Dataset entries
= = = = = = =
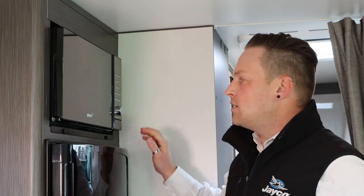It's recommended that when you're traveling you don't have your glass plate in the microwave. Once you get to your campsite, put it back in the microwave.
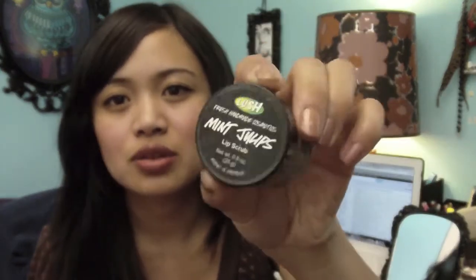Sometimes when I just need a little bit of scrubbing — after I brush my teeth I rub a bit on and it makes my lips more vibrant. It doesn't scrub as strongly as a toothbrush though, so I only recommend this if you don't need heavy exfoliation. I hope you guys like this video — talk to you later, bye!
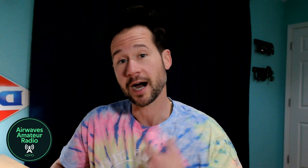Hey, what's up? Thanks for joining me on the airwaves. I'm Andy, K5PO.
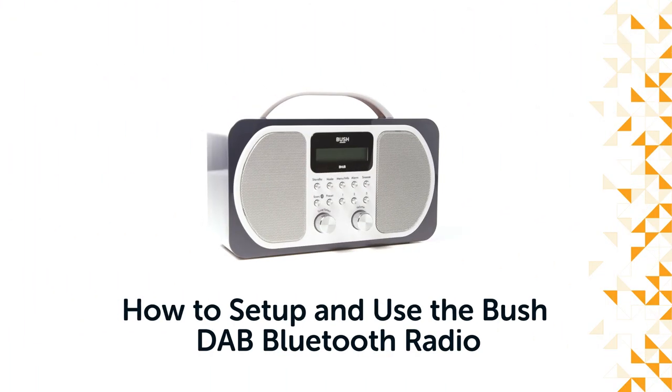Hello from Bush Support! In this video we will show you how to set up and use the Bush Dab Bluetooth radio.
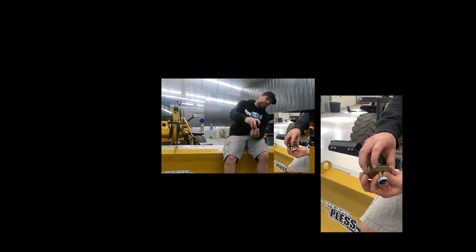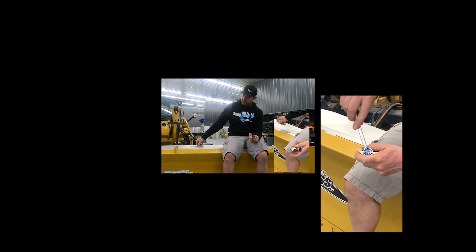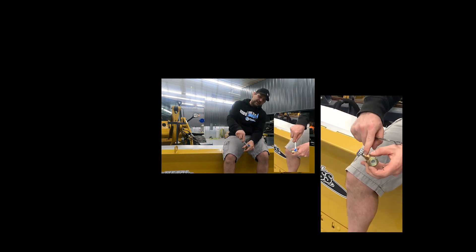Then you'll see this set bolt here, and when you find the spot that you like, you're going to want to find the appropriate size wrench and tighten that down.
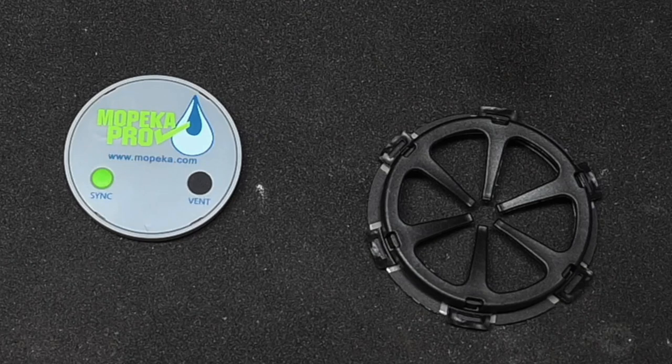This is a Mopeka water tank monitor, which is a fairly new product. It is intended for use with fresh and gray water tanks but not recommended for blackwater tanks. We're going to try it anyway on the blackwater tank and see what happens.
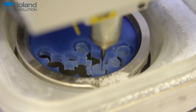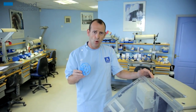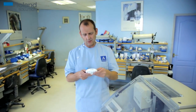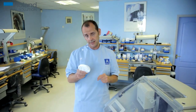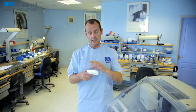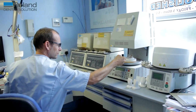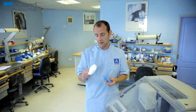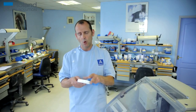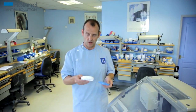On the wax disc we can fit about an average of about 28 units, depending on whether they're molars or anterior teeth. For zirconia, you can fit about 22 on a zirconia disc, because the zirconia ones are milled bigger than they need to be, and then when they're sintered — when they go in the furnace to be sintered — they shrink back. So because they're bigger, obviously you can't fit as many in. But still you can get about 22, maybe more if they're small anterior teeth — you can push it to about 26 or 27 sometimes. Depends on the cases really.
= = = = = = =
What is needed
Set down word for word the lines from the opening of the entries above through the line that contains "This is a Mopeka", and omit every picture.

Answer to the exercise
It's recommended that when you're traveling you don't have your glass plate in the microwave. Once you get to your campsite, put it back in the microwave.
Sometimes when I just need a little bit of scrubbing — after I brush my teeth I rub a bit on and it makes my lips more vibrant. It doesn't scrub as strongly as a toothbrush though, so I only recommend this if you don't need heavy exfoliation. I hope you guys like this video — talk to you later, bye!
Hey, what's up? Thanks for joining me on the airwaves. I'm Andy, K5PO.
Hello from Bush Support! In this video we will show you how to set up and use the Bush Dab Bluetooth radio.
Then you'll see this set bolt here, and when you find the spot that you like, you're going to want to find the appropriate size wrench and tighten that down.
This is a Mopeka water tank monitor, which is a fairly new product. It is intended for use with fresh and gray water tanks but not recommended for blackwater tanks. We're going to try it anyway on the blackwater tank and see what happens.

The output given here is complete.